Jakarta, Gempita.co – Mencermati seputar 48 kasus mutasi N439K yang telah terdeteksi di Indonesia. Hal ini menandakan pandemi belum usai.
“Yang jadi catatan epidemiolog, penyebaran N439K tidak secepat B.1.1.7, dan semoga ke depannya juga demikian,” kata Zubairi Ketua Satgas COVID-19 Ikatan Dokter Indonesia (IDI) Zubairi Djoerban melalui akun twiternya, Senin (15/3/2021).
Zubairi mengingatkan masyarakat untuk tetap jaga jarak, pakai masker dan menghindari kerumunan, apalagi di dalam ruangan. “Jangan bosan saling ingatkan,” terangnya.
Zubairi menjelaskan varian N439K diduga muncul dua kali secara terpisah. Pertama kali itu di Skotlandia. Pada waktu awal pandemi. Lalu, kali kedua, dengan jangkauan lebih luas di Eropa dan saat ini sudah sampai Indonesia.
Menurutnya, N439K ini awalnya dianggap menghilang saat lockdown diberlakukan di Skotlandia. Tapi justru muncul di Rumania, Swiss, Irlandia, Jerman dan Inggris. Dus, mulai November tahun lalu, varian ini dilaporkan menyebar secara luas.
“Yang paling disorot dari N439K adalah sifatnya yang resistans terhadap antibodi alias tidak mempan. Baik itu antibodi dari tubuh orang yang telah terinfeksi, maupun antibodi yang telah disuntikkan ke tubuh kita,” jelasnya.

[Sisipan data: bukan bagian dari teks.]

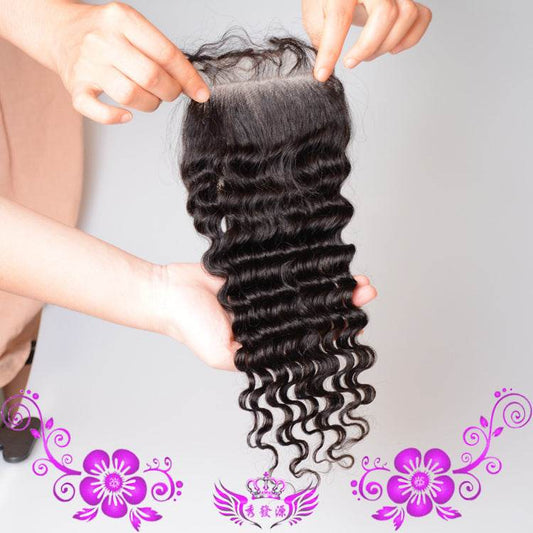 Live-Action Human Hair Wig - Hand-Woven Deep Wave Full Lace Closure - Buy Center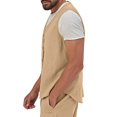 thumbnail image 4 of CIENVNSTG Button Down Sleeveless Casual Cotton Linen Vest For Men Solid Lightweight Breathable Waistcoat Versatile Beach Cardigan Tops For Outdoor Daily Business Suit Matching Outfits Earthy Yellow M, 4 of 5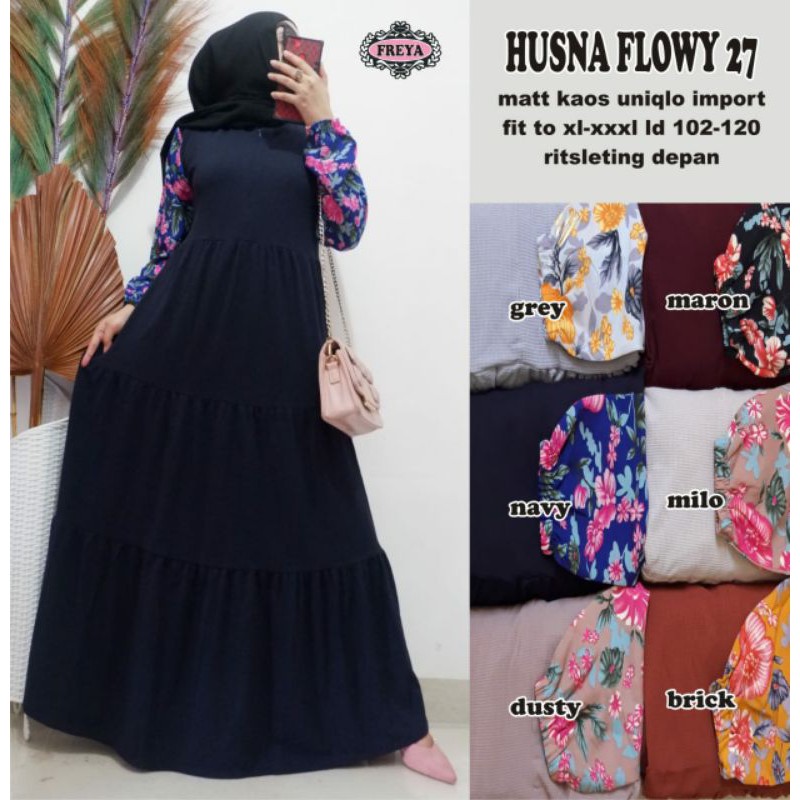 HUSNA FLOWY 27/DRESS/GAMIS/DRESS MURAH/GAMIS MURAH/DRESS MUSLIM/PAKAIAN MUSLIM WANITA By:Freya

Diketahui, Amerika Serikat mencoba antisipasi N439K ini. Mereka mengeluarkan EUA untuk dua jenis obat antibodi monoklonal dalam pengobatan Covid-19. Tapi, kata dia, yang jadi soal, N439K ini tidak mempan diintervensi oleh obat itu.
“Dikatakan Gyorgy Snell, Direktur Senior Biologi Struktural di Vir Biotechnology California, N439K punya banyak cara mengubah domain imunodominan untuk menghindari kekebalan (tubuh manusia)—sekaligus mempertahankan kemampuannya untuk menginfeksi orang,” pungkasnya.